If you look up clearances, you will find there are average wait times. And if you did one that goes straight to Lvl 3, which is the habit at your particular unit, that takes even longer. Standard wait time is Apx 3 years.

However, the best way to find out is to contact your Unit Security Clerk, or supervisor. And I'm willing to bet it's still your unit's recruiter.


----------



## Sigger (10 Jul 2008)

BARGE

Not intending to throw anyone off..(MOC 215)
I RX my lvl 3 in 1.5 years. It started in Basic and I got it after my 3's.

OUT


----------



## aussiechangover (11 Jul 2008)

i've been waiting for my clearance for close to 8months now to finish the 291 course but no big deal it will happen when it happens. still looking for that joyride in a sub again will bring back some memories


----------



## romeo 30 (12 Jul 2008)

While i am not a comm research op, i can honestly say that it is a very good trade to get into, and has many technical applications should you wish to discharge years from now. Int is very stressed, alot of operators are deployed overseas or being prepped to go overseas... It is always a good day when Int receives a new recruit, but at this stage in the game it is always good to have one more member to the CF team no matter what the trade.

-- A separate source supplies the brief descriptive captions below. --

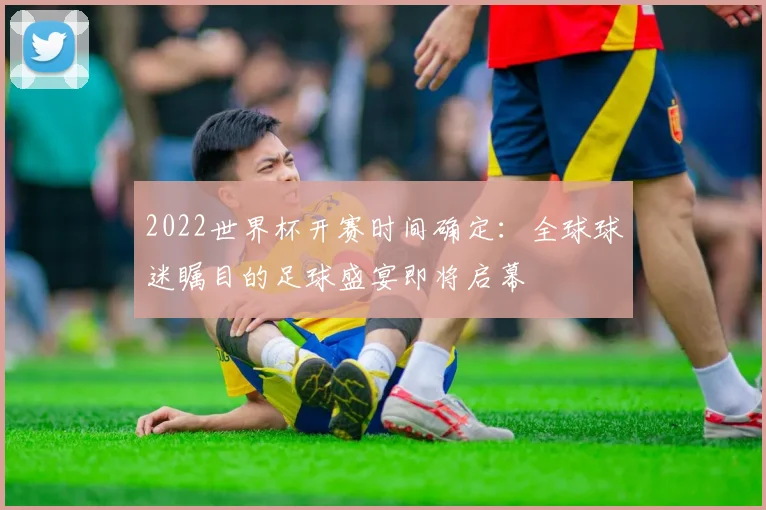 2022世界杯开赛时间确定：全球球迷瞩目的足球盛宴即将启幕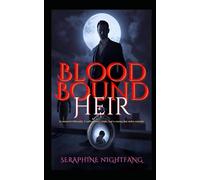 Blood Bound Heir: An immortal billionaire. A wolf-woman’s magic. And a craving that defies centuries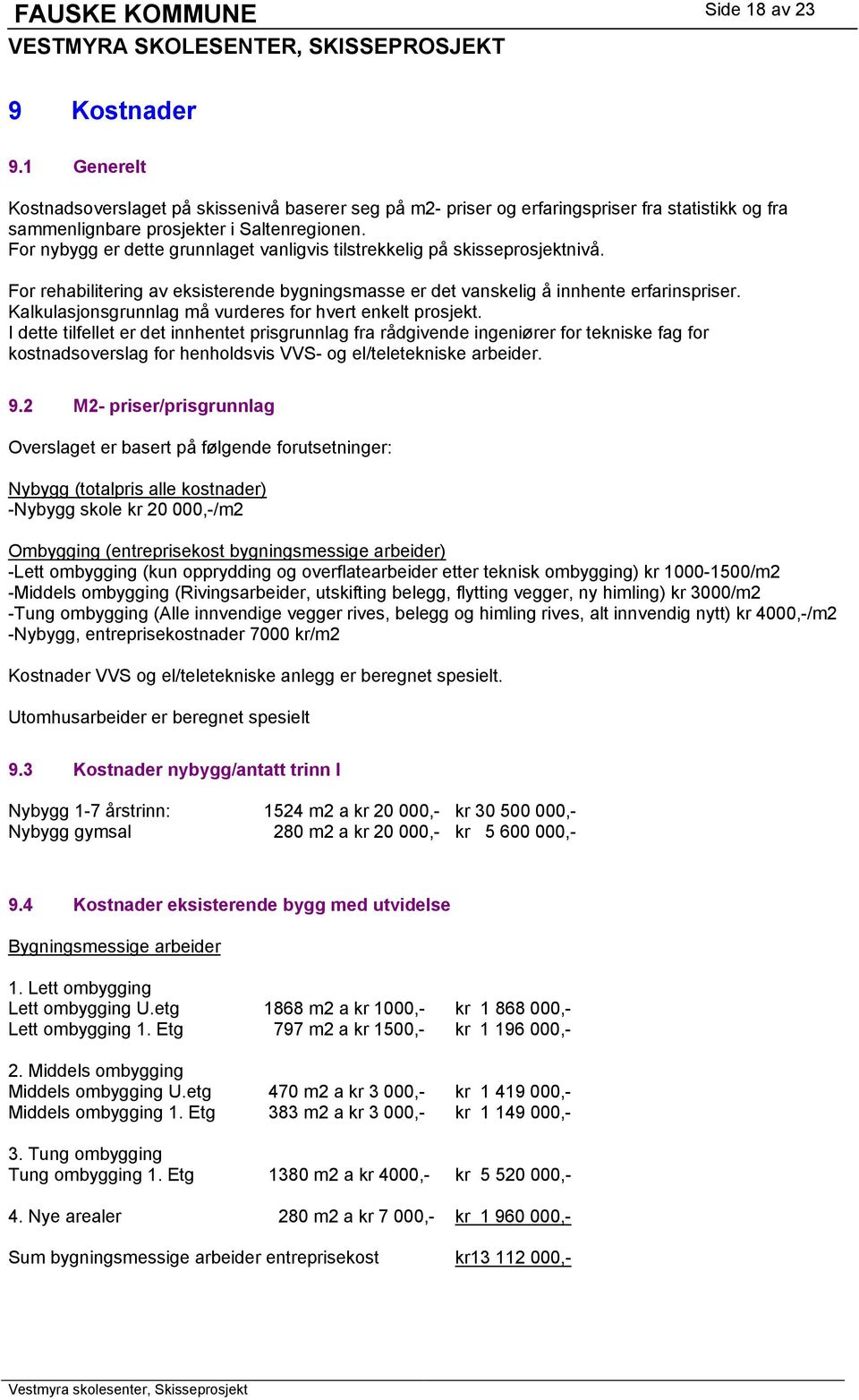 Kalkulasjonsgrunnlag må vurderes for hvert enkelt prosjekt.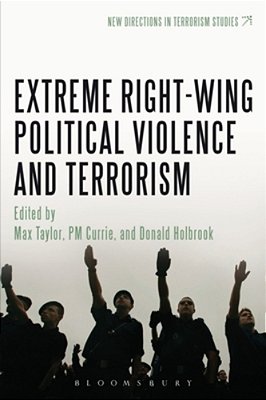 Extreme Right Wing Political Violence And Terrorism-..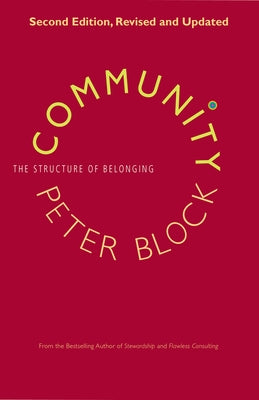 Community: The Structure of Belonging by Block, Peter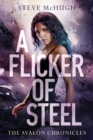 A Flicker of Steel - Book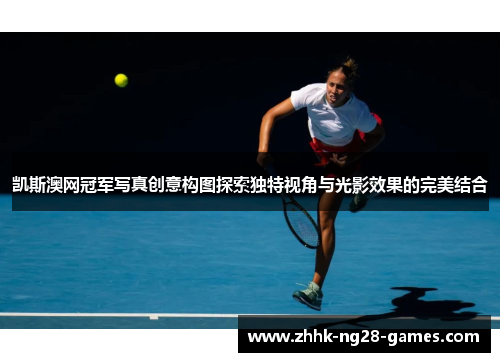凯斯澳网冠军写真创意构图探索独特视角与光影效果的完美结合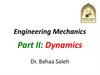 Engineering Mechanics Part II: Dynamics . Lectures  7 - 9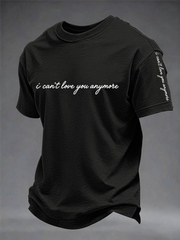 Men's I Can’t Love You Anymore Short Sleeves T-shirt
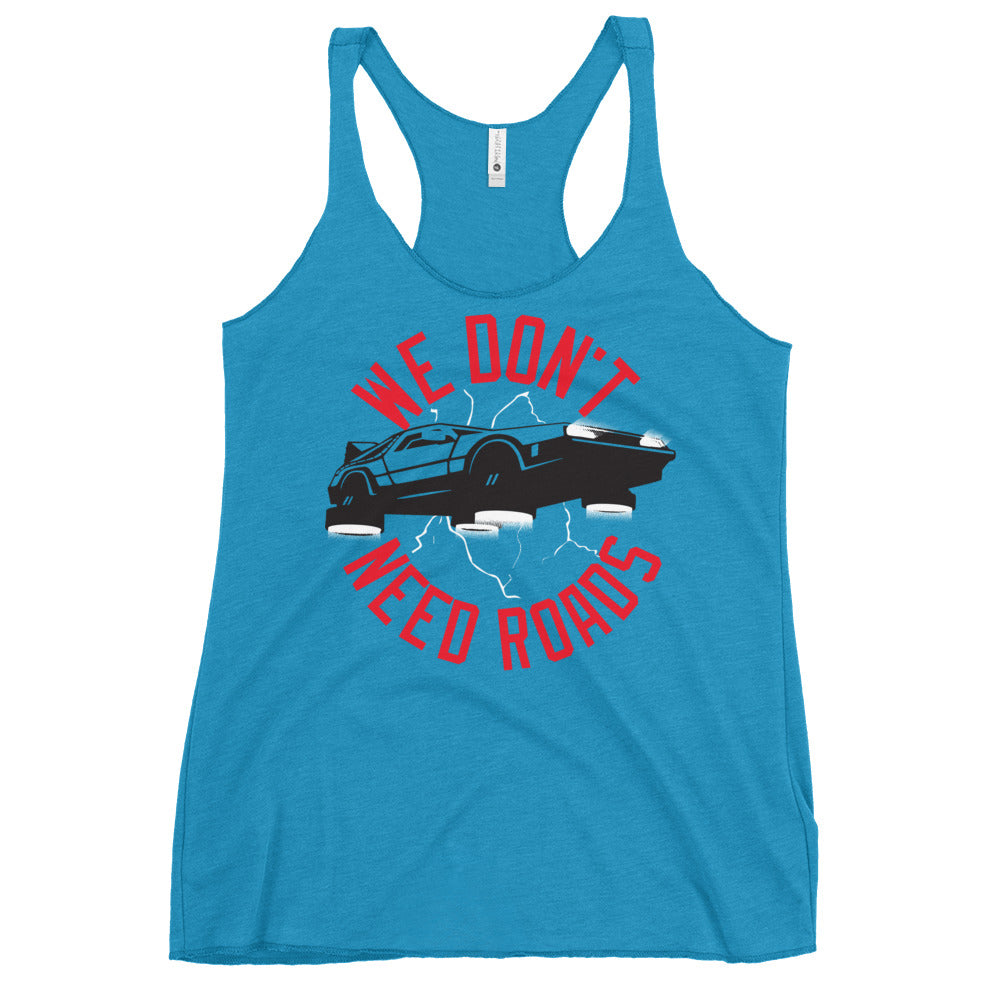 We Don't Need Roads Women's Racerback Tank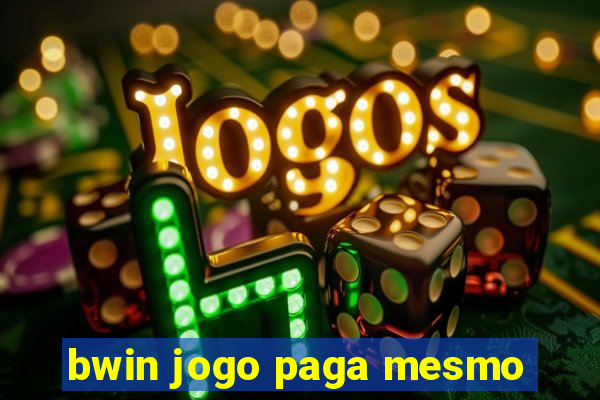 bwin jogo paga mesmo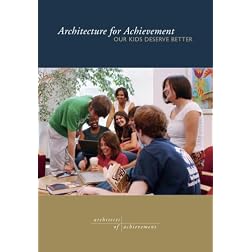 Architecture for Achievement: Our Kids Deserve Better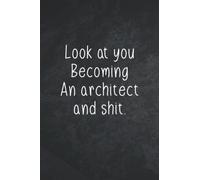 Look At You Becoming An Architect and Shit: Funny Architect Student Journal, Gift for Future Architect, Graduation Notebook gift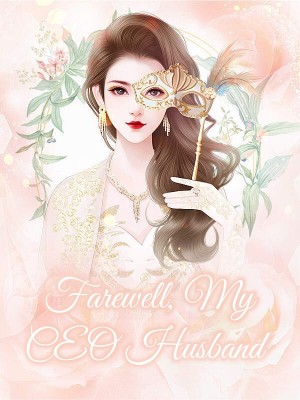 Farewell, My CEO Husband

Make your decisions based on what you see as opportunity and not what will get you into the thick of things the quickest, one slow step at a time, these are thinking trades (not to discredit anyone elses trade) not reflex trades.

Good Luck


----------



## twistedcables (19 Jul 2008)

INT is now classified as Direct Entry and no longer restricted to CT's or MOC related conditions.  There are only a few spots left.  This is Reg Forces NCM info - not that much diff with Officer streams.


----------



## blacktriangle (19 Jul 2008)

twistedcables said:
			
		

> INT is now classified as Direct Entry and no longer restricted to CT's or MOC related conditions.  There are only a few spots left.  This is Reg Forces NCM info - not that much diff with Officer streams.



WHAT? are you serious...


----------



## George Wallace (19 Jul 2008)

Whatever.  Both Trades have high failure rates, so it really will be a moot point.  Look at the calibre of Recruits and how they will perform down the road and perhaps all will return to where things were before.  The "experiment" may fail.


----------



## Greymatters (20 Jul 2008)

Unless some hands get in and 'help' people to pass when they shouldnt...


----------